### THE PROBLEM
Restate exactly the lines below, from the one containing "Reddoorz @ Achino" through the final line, and leave out the pictures.

### COLLECTED MATERIAL

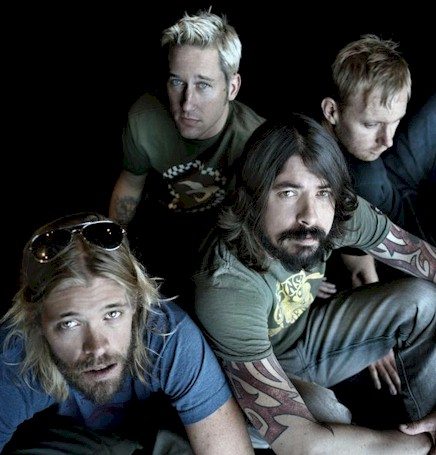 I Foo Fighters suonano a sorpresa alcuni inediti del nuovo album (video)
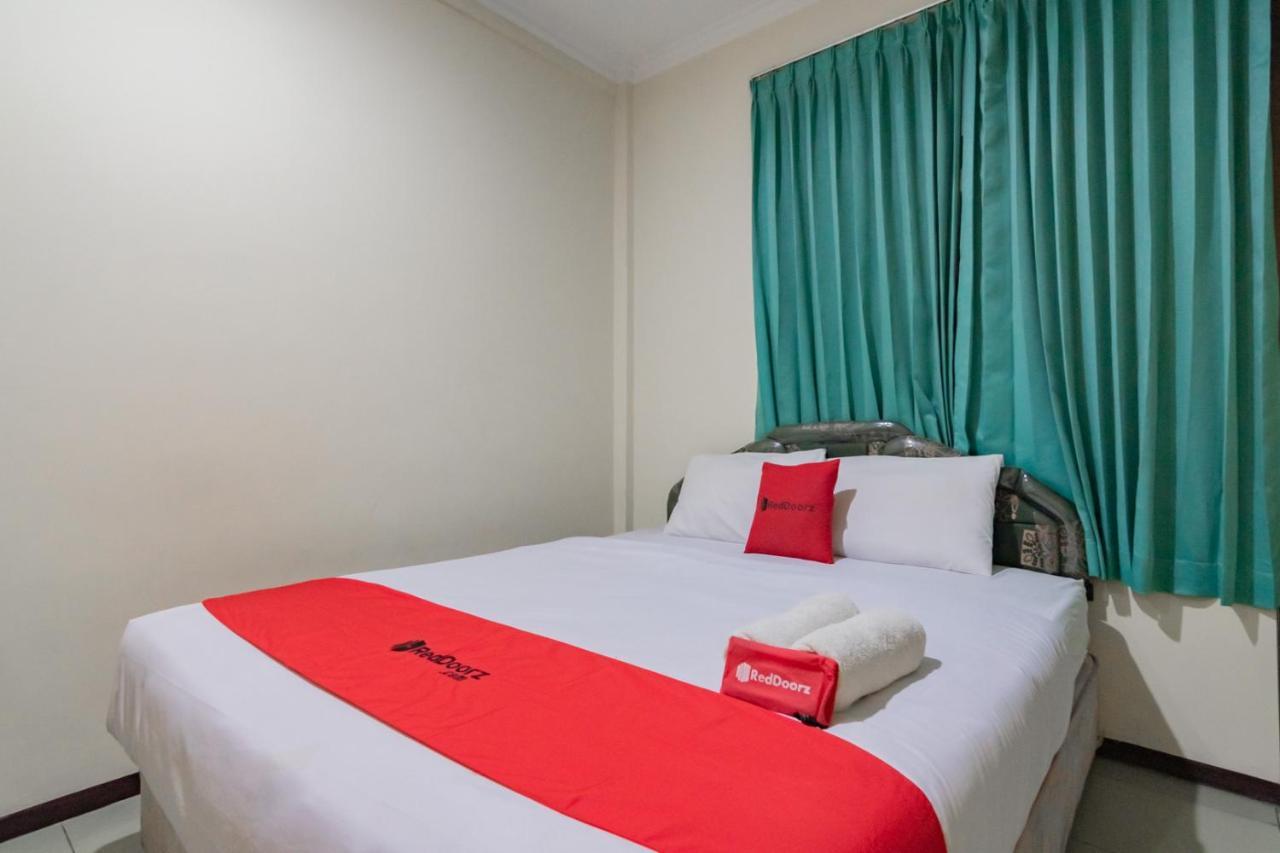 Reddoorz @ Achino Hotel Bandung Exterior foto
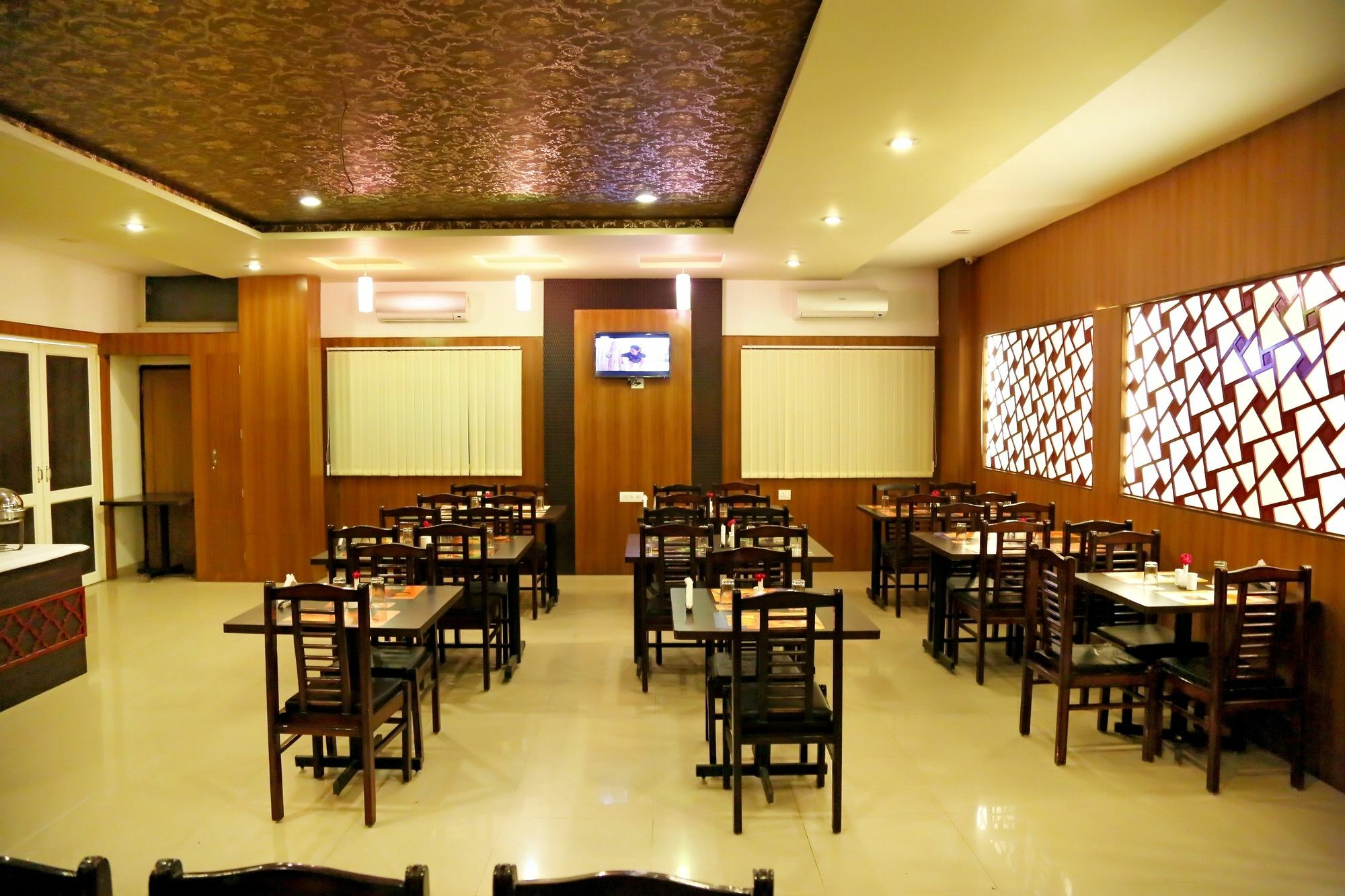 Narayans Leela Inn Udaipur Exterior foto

### SOLUTION TO THIS EXERCISE
 Reddoorz @ Achino Hotel Bandung Exterior foto
 Narayans Leela Inn Udaipur Exterior foto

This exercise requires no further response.